A pulmonary shunt is a pathological condition which results when the alveoli of the lungs are perfused with blood as normal, but ventilation (the supply of air) fails to supply the perfused region. In other words, the ventilation/perfusion ratio (the ratio of air reaching the alveoli to blood perfusing them) is zero. A pulmonary shunt often occurs when the alveoli fill with fluid, causing parts of the lung to be unventilated although they are still perfused.
Intrapulmonary shunting is the main cause of hypoxemia (inadequate blood oxygen) in pulmonary edema and conditions such as pneumonia in which the lungs become consolidated. The shunt fraction is the percentage of blood put out by the heart that is not completely oxygenated.
In pathological conditions such as pulmonary contusion, the shunt fraction is significantly greater and even breathing 100% oxygen does not fully oxygenate the blood.
A small degree of shunt is normal and may be described as an 'anatomical shunt'. Anatomical shunting occurs when too much of the blood supplying the lung tissues via the bronchial arteries is being returned via the pulmonary veins without undergoing gas exchange.
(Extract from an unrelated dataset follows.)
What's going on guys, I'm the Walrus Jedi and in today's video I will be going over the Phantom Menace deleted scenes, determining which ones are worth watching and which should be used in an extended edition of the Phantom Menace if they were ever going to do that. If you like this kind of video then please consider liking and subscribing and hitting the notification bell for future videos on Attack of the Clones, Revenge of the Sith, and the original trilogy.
In addition, some of the coronary veins drain directly into the left ventricle of the human heart. This is why the arterial PO2 is slightly lower than the alveolar PO2.
Shunt refers to perfusion without ventilation. More specifically, intrapulmonary shunt refers to areas in the lung where perfusion exceeds ventilation.
Pulmonary shunting is minimized by the normal reflex constriction of pulmonary vasculature to hypoxia. Without this hypoxic pulmonary vasoconstriction, shunt and its hypoxic effects would worsen. For example, when alveoli fill with fluid, they are unable to participate in gas exchange with blood, causing local or regional hypoxia, thus triggering vasoconstriction. Blood is then redirected away from this area, which poorly matches ventilation and perfusion, to areas which are being ventilated.